Степан Егорыч только покачал головой, подивившись бесстрашию этой пожилой женщины. Он представил себе ее житье в хилой мазанке, чуть побольше Ерофеичевой сторожки. Не каждый день приезжали сюда машины, чаще случалось, что неделями не появлялось тут никого, – и ни одной души вокруг, поблизости… Степан Егорыч вспомнил метели, что ревели днями подряд, засыпали снегом, осатанелые злые ветры, что дули тоже днями, старались повалить, разметать постройки, проникнуть за стены, в которых укрылся человек. На хуторе с его народом и то казалось тогда пустынно, томительно, тоскливо, даже страшно, а каково было терпеть здесь все эти дни и ночи, метели и ветры одной? А если бы случилось заболеть или стрясся пожар, или еще что? А если б пожаловали люди, задумавшие недоброе дело: столько хлеба, а в сторожках – одна баба с негодным ружьем?

– На нашей службе всего, конечно, жди… – спокойно согласилась женщина. Она, как видно, давно привыкла к возможности всяких неожиданностей и уже перестала их бояться. – Но насчет грабежей – в наших краях не слыхать, тихо. Вот крысы – вот страсть господня! Средь бела дня живьем могут сожрать. Слыхали, что под Рубежанской станицей было?

Степану Егорычу излагали эту историю, но он не поверил – уж очень была она страшна. На таком же примерно зернопункте вот так же служила женщина, а крыс расплодилось – не помогали никакие ловушки. Прямо днем шныряли под ногами, никого и ничего не боясь. Подвернулась раз в складе женщине под ногу крыса – она и придавила ее каблуком. А крыса, как после уже объясняли это происшествие сведущие люди, оказалась не простая, не рядовая, а предводительница всего крысиного стада. Она завизжала, и со всех сторон, из всех углов и щелей кинулись на женщину несметные крысиные полчища и стали рвать ее зубами.

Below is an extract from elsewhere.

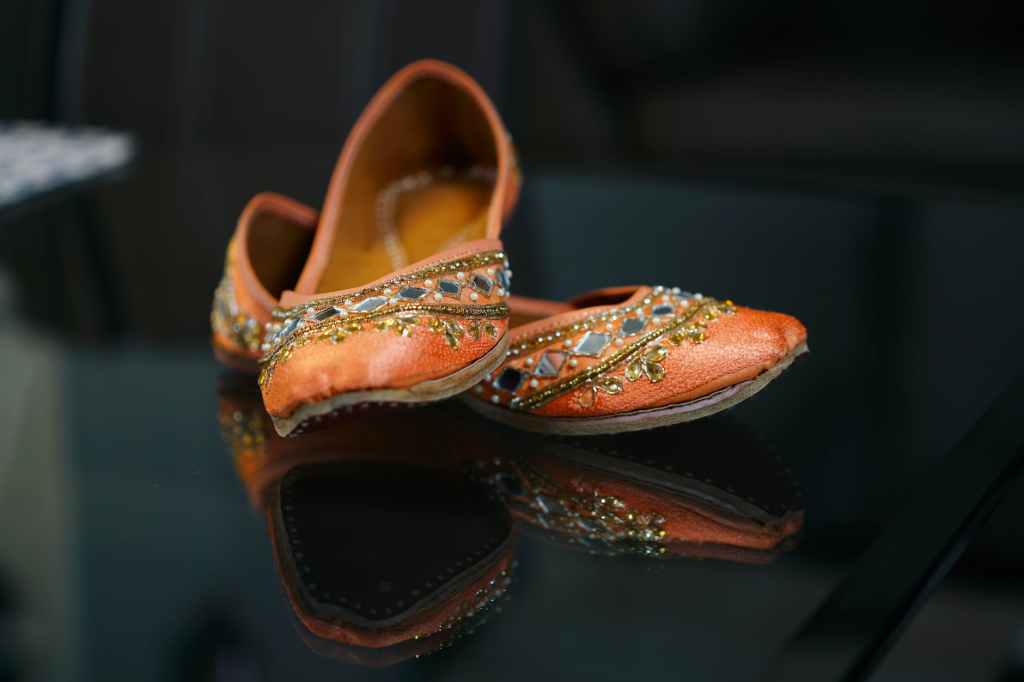 Step into Tradition: The Timeless Craft of Camel Leather Shoes in&nbsp;India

Дрожь пробежала у Степана Егорыча по спине. Но и вторичному рассказу он не очень поверил, хотя все хуторские женщины хором заступились за справедливость рассказа, точно называя, где случилось и чуть ли не имя пострадавшей. Но Степан Егорыч сам был деревенский и знал, как это бывает, как любит деревенская молва приукрасить, присочинить: правды на копейку, а бабки-говорушки уж наплетут, навяжут на целый рубль.

Под крышей склада с чириканьем перепархивали воробьи, забравшиеся в него с летней еще поры и так и прижившиеся, найдя здесь для себя сытое и спокойное существование. В носах сейчас же защекотало от особой коричневатой зерновой пыли, которой мохнато обросло внутри склада все. Оконца вверху, ни разу не мытые, не протертые с постройки амбара, так помутнели, так плотно были запорошены, что их как бы не было вовсе – они совсем не пропускали внутрь дневной свет. Человеческие голоса зазвучали в просторе амбарного помещения гулко, усиленно; воробьи беспокойно возились наверху, перелетали, струшивая вниз тонкую пыльцу, – они привыкли к тишине и одиночеству и людей в амбаре воспринимали как непорядок.